There is finite probability that carriers may tunnel into gate oxide causing gate leakage current flowing into the gate.Junction Leakage:
There are many parasitic diodes which are formed for e.g, p-n junction between diffusion and substrate or well form diodes.To make these diodes reverse biased ,substrate is connected to GND and n-well to VDD .But these reverse biased diodes conduct a small amount of current.
Ireverse=A.Js.(e(q.Vbias/kT)-1)
Vbias-->reverse bias voltage across the junction
Js-->reverse satuartion current density
A-->junction area
Junction leakage is caused by diffusion and drift of minority carriers at the edges of depletion region and generation of electron -hole pair in the depletion region of the reverse biased junctions.
Dynamic Power Dissipation
Dynamic power dissipation occur when signal flow through CMOS logic circuit which change logic state.Power is drawn from power supply to charge the output node capacitance.
The output node capacitance consists of the following:
1.Output node capacitance of the logic gate:This is due to drain diffusion region.
2.Total interconnect capacitance.
3.Input node capacitance of the driven gate :This is due to the gate oxide capacitance.
Let us consider this inverter circuit .Power is consumed from the power supply to charge the output node capacitance.
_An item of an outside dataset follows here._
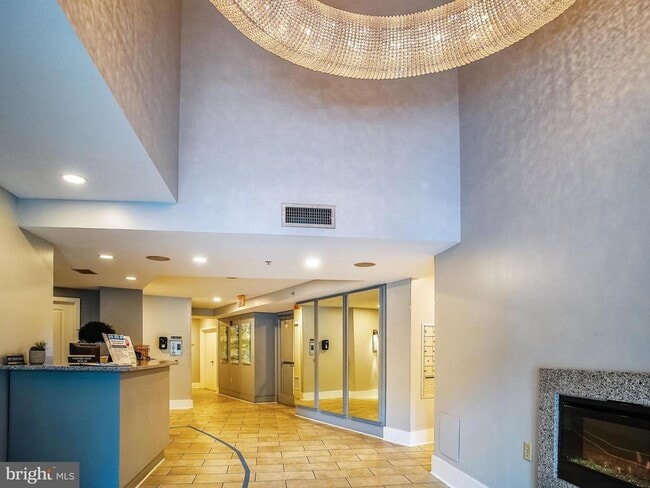 Building Photo - 555 Massachusetts Ave NW Unit 415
Power drawn from power supply is dissipated in PMOS during charge up and charge down process dissipates power in NMOS transistor.Only half of the power is stored as energy in capacitance,
Therefore energy stored in capacitor is= CL.VDD2 / 2.The other half is dissipated as heat in PMOS transistor.We see that energy dissipation in PMOS is independent of the size of PMOS.
This energy is then dissipated as heat in NMOS transistor.During discharge phase charge is removed from the capacitor and its energy is dissipated as heat in NMOS.
Each switching cycle takes a fixed amount of energy = CL. VDD2.
If a gate is switched on and off ‘fn’ times / second, then Pdynamic = CL. VDD2. fn.
Below mentioned steps can be taken to reduce dynamic power
1) Reduce power supply voltage Vdd
2) Reduce voltage swing in all nodes
3) Reduce the switching probability (transition factor)
4) Reduce load capacitance
Short Circuit Power:
The finite rise and fall time of the input to the CMOS logic gates causes a direct current path from VDD to Gnd,this exist for short duration during switching.
During switching both NMOS and PMOS are simultaneously turned ON,especially when the condition ,VTn < Vin < Vdd - |VTp| holds for the input voltage, where VTn and VTp are NMOS and PMOS thresholds, there will be a conductive path open between Vdd and GND because both the NMOS and PMOS devices will be simultaneously on.
When the input voltage exceeds threshold voltage VTn the NMOS starts conducting and until input voltage reaches Vdd-|Vtp| PMOS is ON.Thus for some time bot transistor are ON.Similar event causes short circuit current to flow when signal is falling.Short circuit current terminates when transition is completed.
short circuit current is directly dependent on rise time and fall time, reducing transition short circuit component decreases.But propagation delay need to be considered.
when input rise and fall time is greater than the output rise and fall time ,short circuit path will be for longer time ,so it is desirable to have equal rise and fall time edges.
also, if Vdd is less than the sum of Vtn and Vtp then short circuit current can be eliminated since there is no way that both transistor can be turned on for any input voltage.